(Provided data)

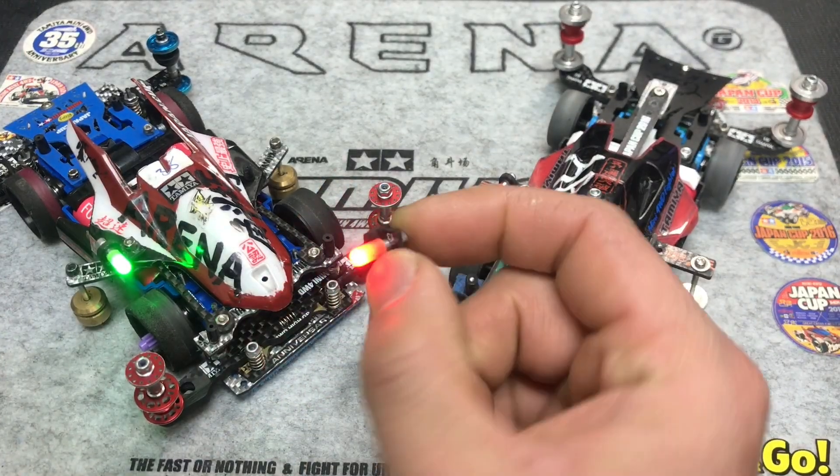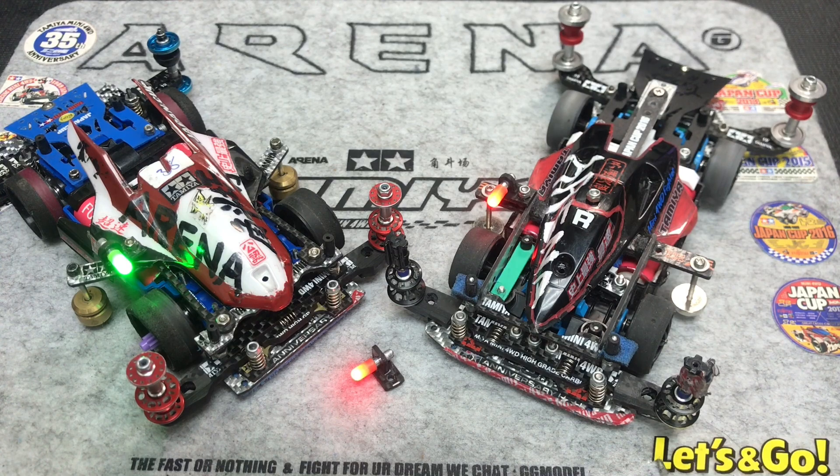So this is today's LED bracket made using the leftover parts. All right, so this is today's video.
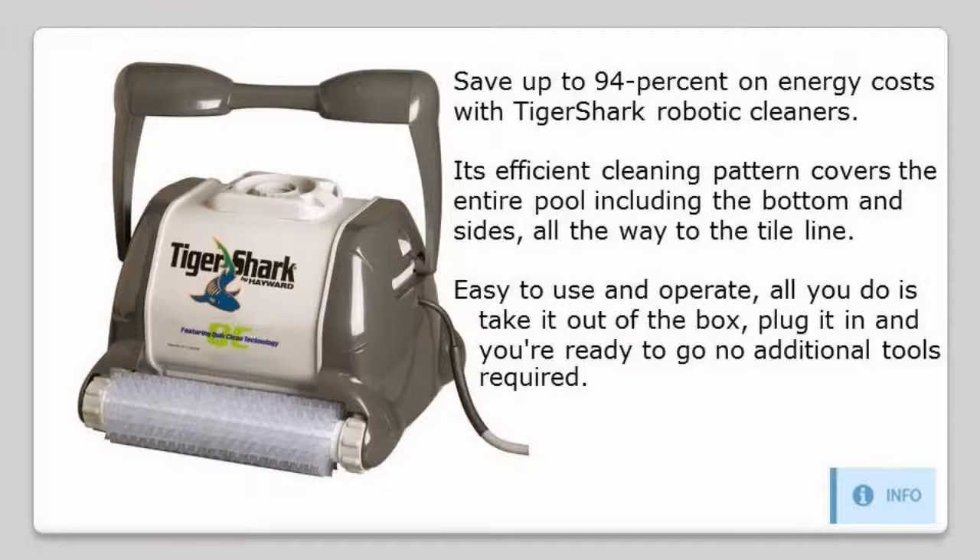Its efficient cleaning pattern covers the entire pool, including the bottom and sides, all the way to the tile line.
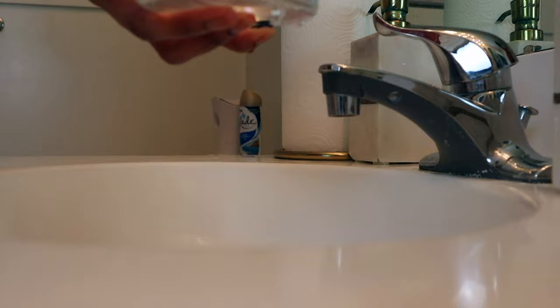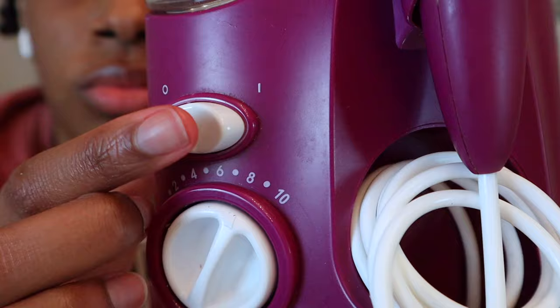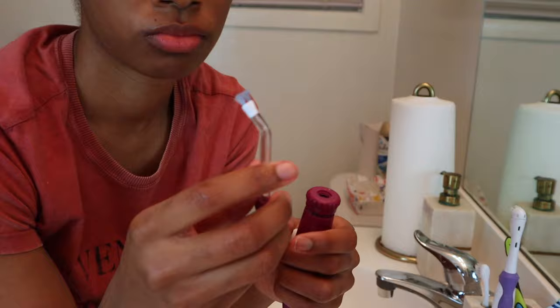So I'm just going to fill it up, place that back on the tank, close the top, and then turn the intensity that it pushes the water out. I'm going to turn it up to eight or ten. When you're first starting off you definitely don't want to go that high because it is very forceful. I've been using this for almost two years now so my teeth can handle it and I've worked my way up to that point.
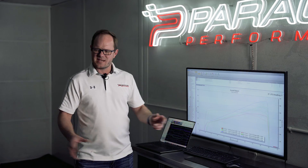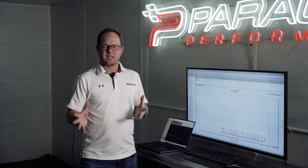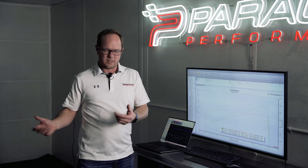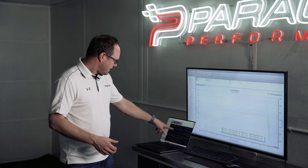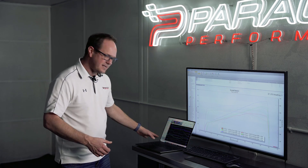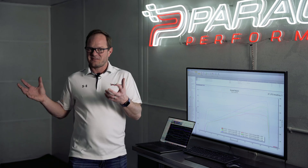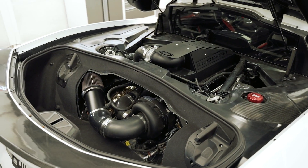Before, what we would see is some throttle closures and some things that weren't so ideal — it was decent, we were pretty happy with it. But now when I look at the data, I see full throttle opening all the way out. I see a nice timing curve, I see nice fuel curves. I can see that everything is behaving as if this car was completely stock, designed with a supercharger.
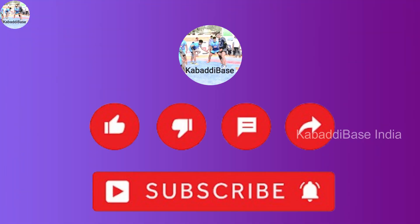That's all in this video. Please do like, share, and subscribe. Also leave a comment if you want us to make any other video. See you soon in the next video.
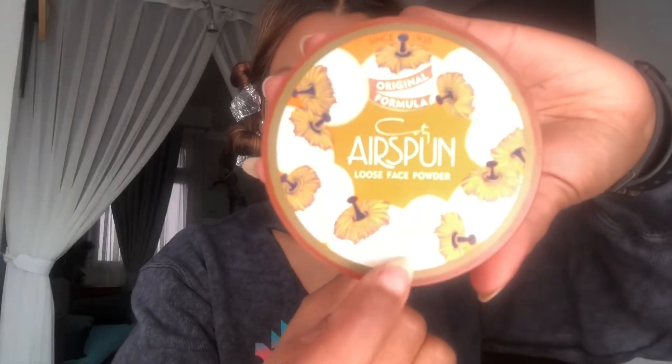I'm just using my hand to blend the foundation for a natural look. After foundation, airspun powder is used a lot. Next is contouring — even if you only do eyebrows, that's fine. It's totally okay to just contour and go.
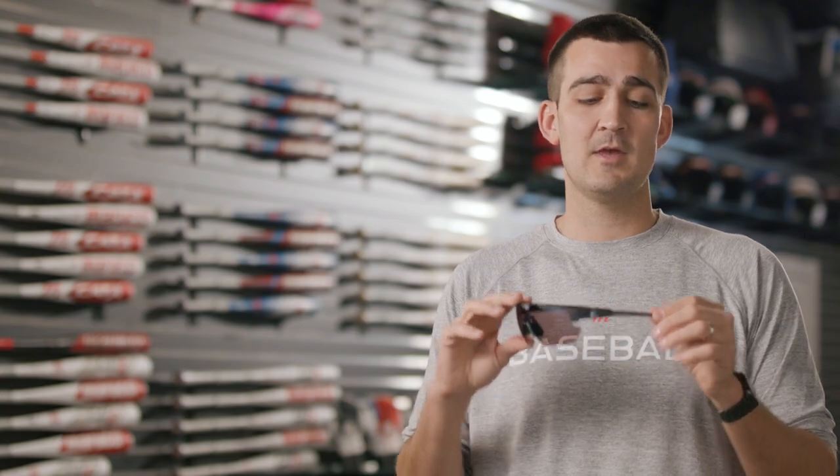All of our on-field frames are built out of a TR-90 material. TR-90 is a very lightweight but durable material that gives all of our frames a very snug and comfortable fit around the temple tips due to its flexibility, while also providing a very durable frame. All of our frames are also built with a slight wrap or curve, which helps keep light out of the corners of your eyes. The frames are also built to be more flat across the top so they can fit nicely under the bill of a hat during play.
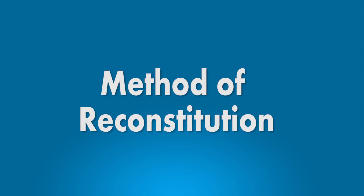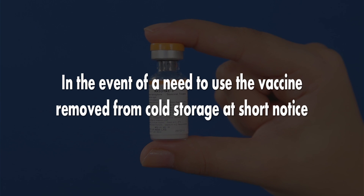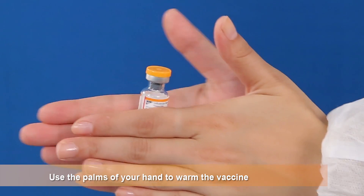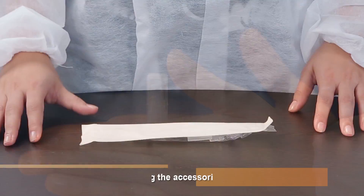Method of Reconstitution: Remove the pack of the vaccine from the cold storage. Allow the vaccine and water to attain room temperature. If cold water is used to reconstitute the vaccine, you may encounter a delay in dissolution. In the event of a need to use the vaccine removed from cold storage at short notice, use the palms of your hands to warm the vaccine and diluent to accelerate the temperature equilibration.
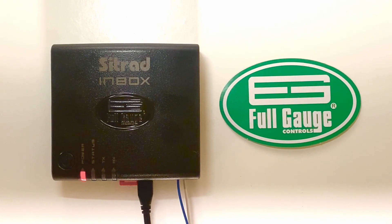Citrad inbox step-by-step tutorial video. Feel free to pause this video to complete every step accordingly.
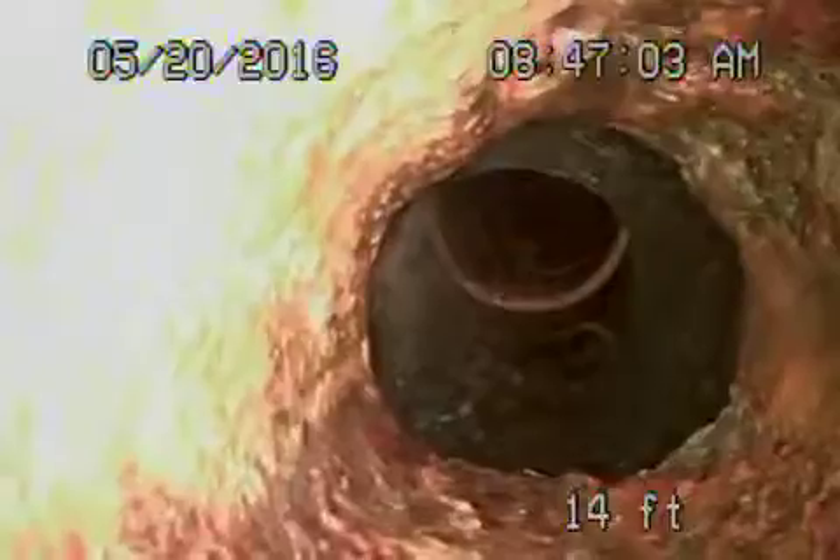We're going into a section of cast iron pipe over here. It also looks like it's in pretty okay condition. There is a cleanout over here. We'll go ahead and pause the recording — we just want to check what else we can see.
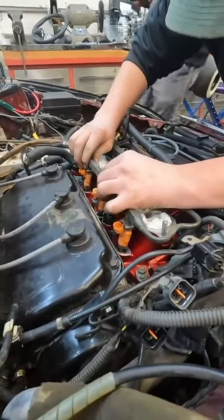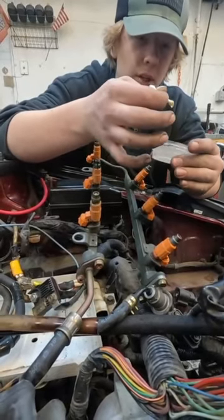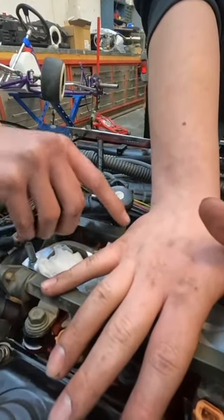After we finished getting those gaskets on, we had to put the bottom intake on — basically just throw some bolts in there and torque them. Now it's time to put the fuel injectors back in, but you always replace the o-rings when you remove them, so we did that first.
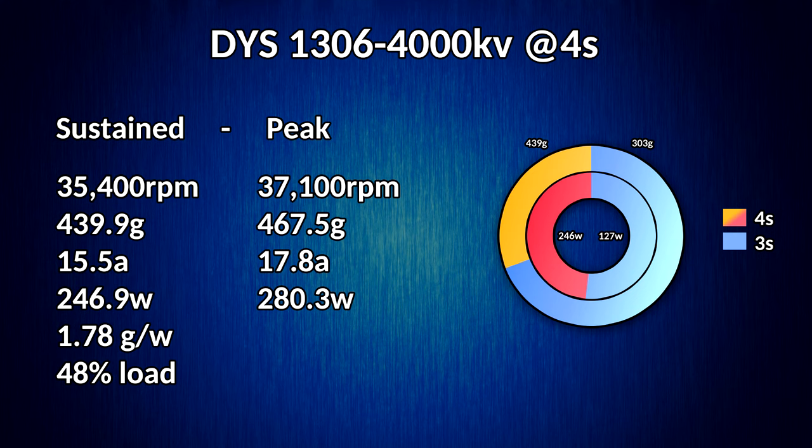On the right, the little pie chart comparisons show both the power in and thrust out for the 3S and 4S tests on the same motor and same prop. In the blue you can see the 3S — on the inner ring we have wattage, and you can see the 3S gets at peak just about half the wattage of the 4S test. But if we look at thrust, we're not getting double the thrust for the same wattage — it's maybe a quarter more thrust. You can very graphically see the efficiency loss as we push this motor way past its torque limits, dumping twice the wattage in but not getting it back in thrust.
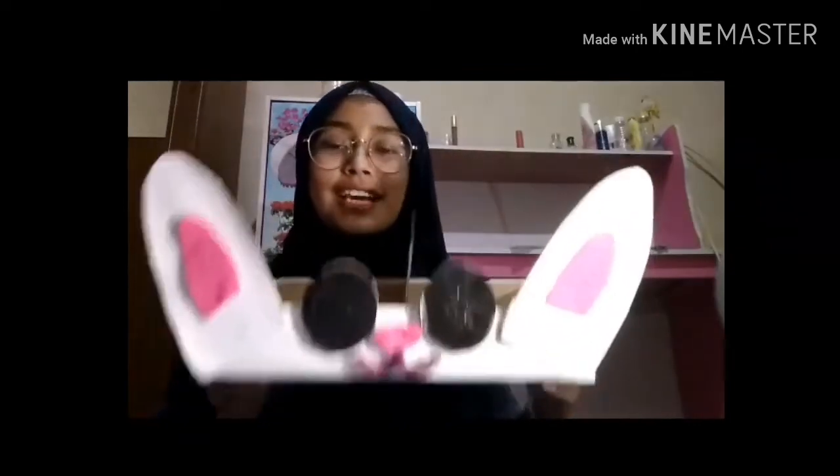Tada! Your makeup box is done! And then you can put your makeup in here like this.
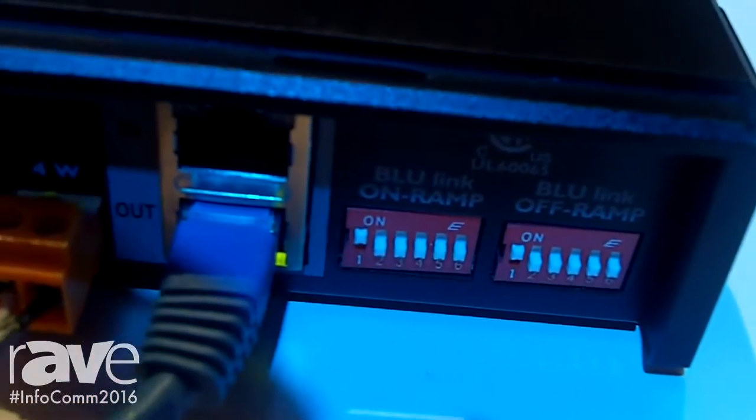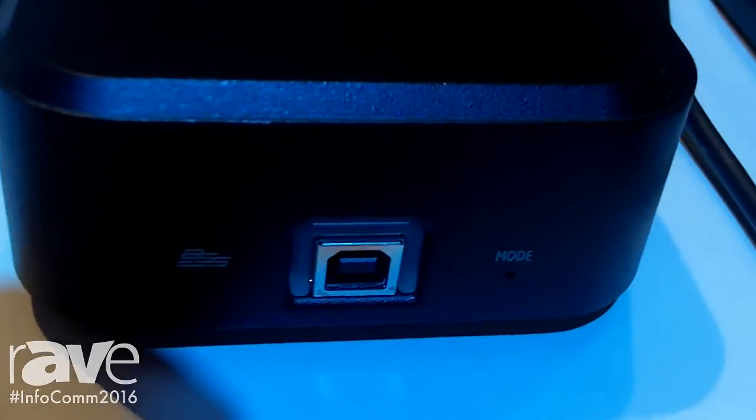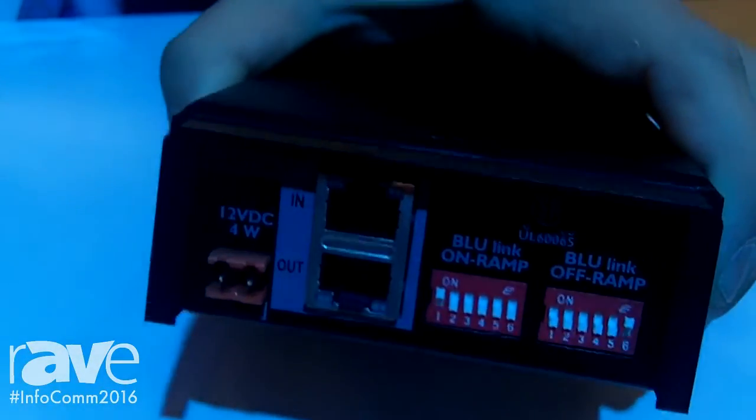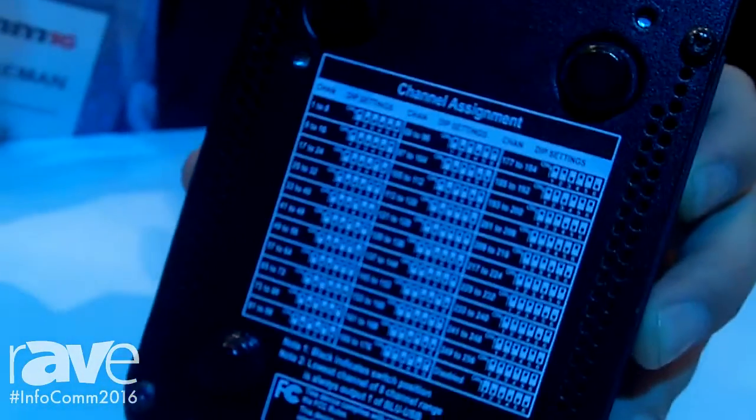By default, this product will do 2x2 audio without a driver on a PC or Mac, or up to 8x8 audio if you download the driver available on our website. The BlueLink input and output on-ramps can be selected via DIP switch settings, and the channel assignments are located on the bottom here.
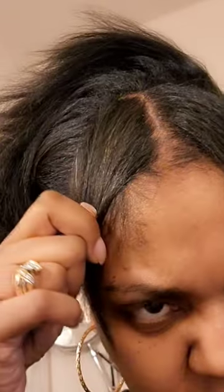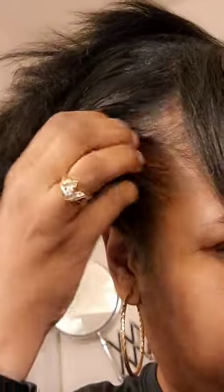I already did my ends — I cut my ends and everything — so I don't want to cut it anymore because I'm trying to get it to grow, so that won't make sense. So now I'm gonna put it like this. My edges are kind of thin, so I'm gonna kind of swoop this around, but I'll do that afterwards.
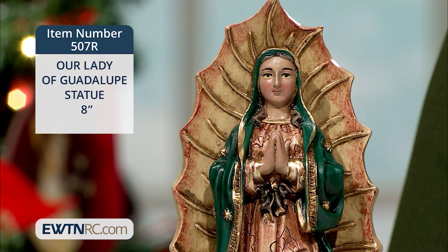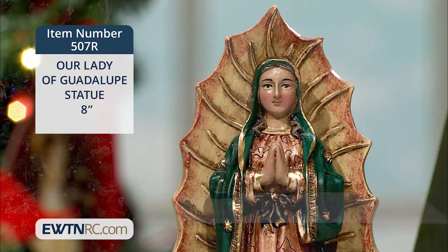The statue is made of a plaster resin mix and measures three inches wide by eight inches high and two inches deep. It's hand-painted in Colombia.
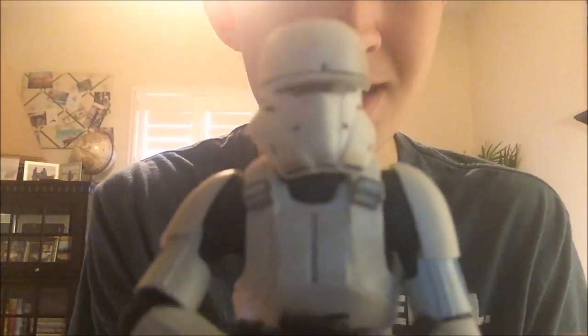He comes with an E-11 blaster, which is standard armament for the Imperial Army. This is my first time holding a Black Series E-11, and I thought it would have the foldable stock version, but no. I guess it's just the taller figures. This is 7 inches compared to the 3.5 of the normal Black Series.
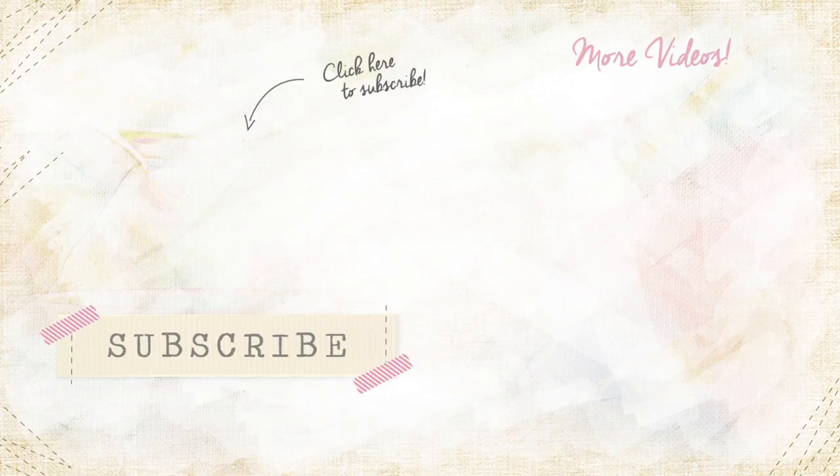Thanks so much for watching. For more fun sewing videos, subscribe to the AGF channel.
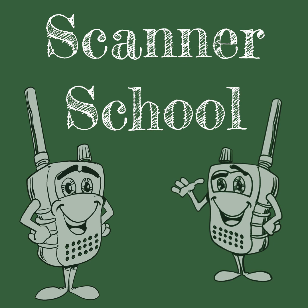Welcome to Scanner School, a podcast dedicated to the scanner radio hobby. Class is about to begin. Here is your host, Phil Lichtenberger. Welcome to Scanner School. My name is Phil Lichtenberger. My entry call sign is W2LIE, and this podcast is here to teach you everything that you need to know about the scanner radio hobby.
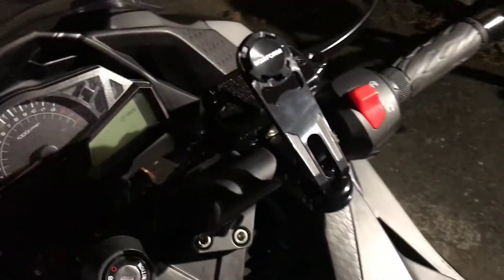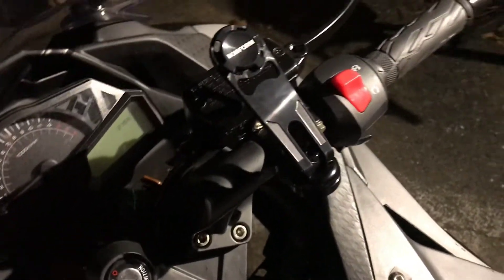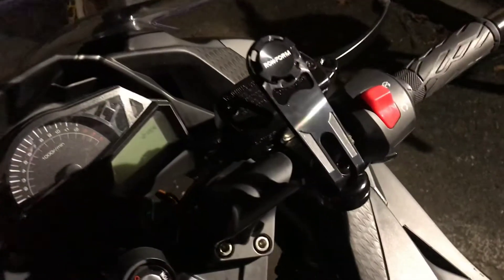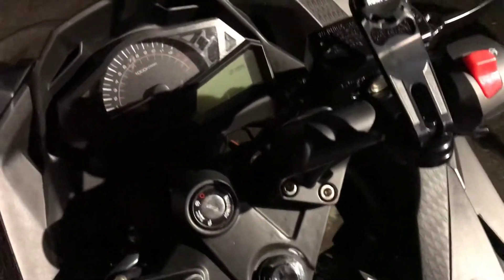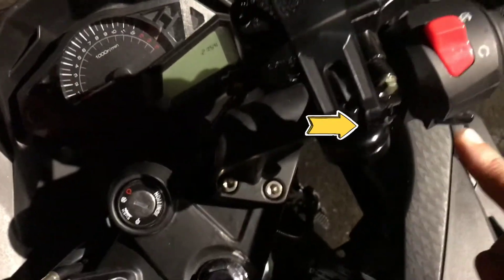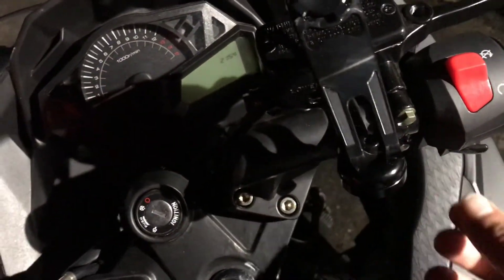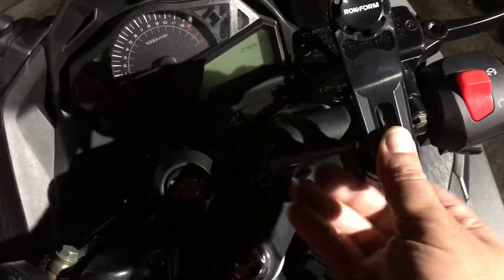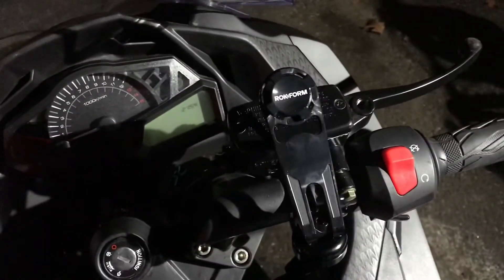People say that the rock form doesn't fit on the sport bike handles. On this particular bike, you can go around the triple tree, pull out that handle with these two screws down here, and where the brake is, extend that and slip it underneath there and operate it without any problems.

(End Provided data)

Task goal: Reproduce the lines above beginning at the line that contains "By default, this" and ending at the line that contains "I already did". No pictures.

Written reply:
By default, this product will do 2x2 audio without a driver on a PC or Mac, or up to 8x8 audio if you download the driver available on our website. The BlueLink input and output on-ramps can be selected via DIP switch settings, and the channel assignments are located on the bottom here.
I already did my ends — I cut my ends and everything — so I don't want to cut it anymore because I'm trying to get it to grow, so that won't make sense. So now I'm gonna put it like this. My edges are kind of thin, so I'm gonna kind of swoop this around, but I'll do that afterwards.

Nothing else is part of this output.